Freely TV
How the UK's four public service broadcasters built a single home for live and on-demand TV, and how I shaped one of its core features under a deadline that could not move.

A national, broadcaster-backed streaming platform, launched on a fixed manufacturing deadline. I worked across many areas of Freely, and one decision shows how I operate: I owned the live TV Guide and pushed it past a bare-minimum MVP into something viewers would actually expect.
Freely was a fresh, zero-to-one idea: the first time the BBC, ITV, Channel 4 and Channel 5 (through their joint venture, Everyone TV) had come together behind one streaming proposition.
The bet was the shift from traditional aerial TV (DTT) to live and on-demand TV over the internet (IP), built straight into new smart TVs from Hisense and Vestel. Because TV manufacturing cycles are fixed, the launch date could not move. Miss it, and the product would wait a year for the next model run.
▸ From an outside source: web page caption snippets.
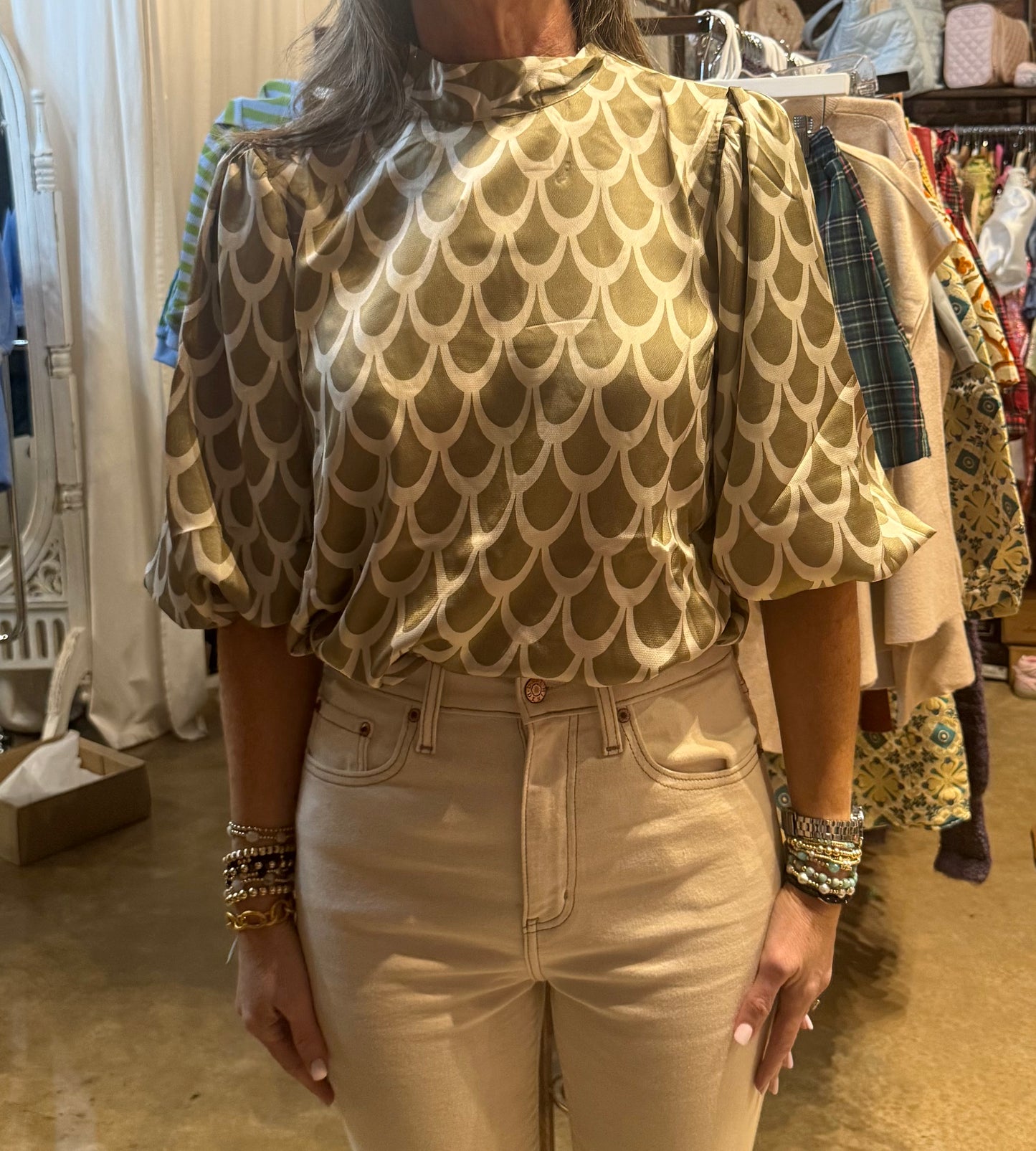 Annie Swirl Olive Blouse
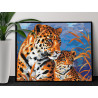  Леопард с малышом Животные Хищники Мама Ребенок Интерьерная 100х125 Раскраска картина по номерам на холсте AAAA-NK743-100x125
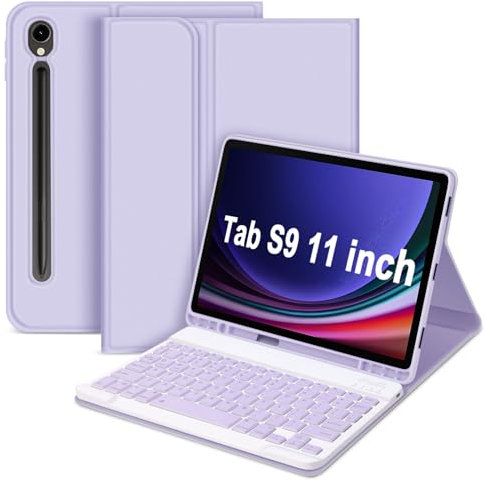 GOKOCO Keyboard Case for Samsung Galaxy Tab S9 FE 10.9/Tab S9 11 Cover with Magnetically Detachable Wireless Bluetooth Keyboard with S Pen Holder Give Full Protection with Galaxy Tab S9/S9 FE-Purple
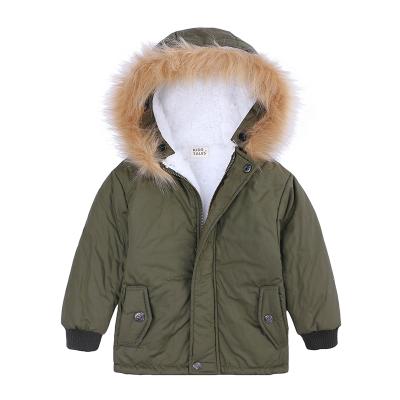 China anti-wrinkle army green hooded thicken kids clothes outwear toddler parkas winter baby boy coat for sale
British public service broadcasting was under real pressure from the global streamers. To hold and grow their audience, the broadcasters needed a unified, prominent home on the television itself, not another app buried in a menu.
The question under 'build a streaming app' was simple to ask and hard to answer: can UK broadcasters own the default live-TV experience on the TV set, on a timeline they do not control?
I owned the live TV Guide, a core part of the experience. The cautious plan was to rebuild a stripped-down version of an older Guide from scratch. I believed we could do better without adding risk, so I set out to test that rather than assert it.
I worked the decision from a few angles:
- With engineering, weighing reuse of a more modern Guide against a from-scratch rebuild
- With design, surfacing any hidden complexity in each option
- With a manager outside the project, pressure-testing the analysis for blind spots
A key insight emerged: the 'simple' rebuild actually needed one genuinely complex component that the modern version avoided entirely. So the bolder option was not slower. It was arguably safer, and far more valuable to viewers. With that grounded, I aligned design, engineering and senior leadership behind shipping the better Guide on the same deadline.
A modern, image-led live TV Guide that became a core part of the Freely launch experience. It lets viewers browse and discover live content the way they expect from a current streaming product, not a legacy programme grid.

Freely launched on time in Q2 2024 across Hisense and Vestel smart TVs, with TiVo to follow: the first unified streaming home from all four UK public service broadcasters.
The Guide shipped as the richer, more modern version rather than the bare minimum the timeline seemed to demand.
The bold option is often the safe one, once you actually size the work instead of guessing. I bring that reuse-versus-rebuild rigour, and the habit of pressure-testing a recommendation before defending it, to every problem I take on.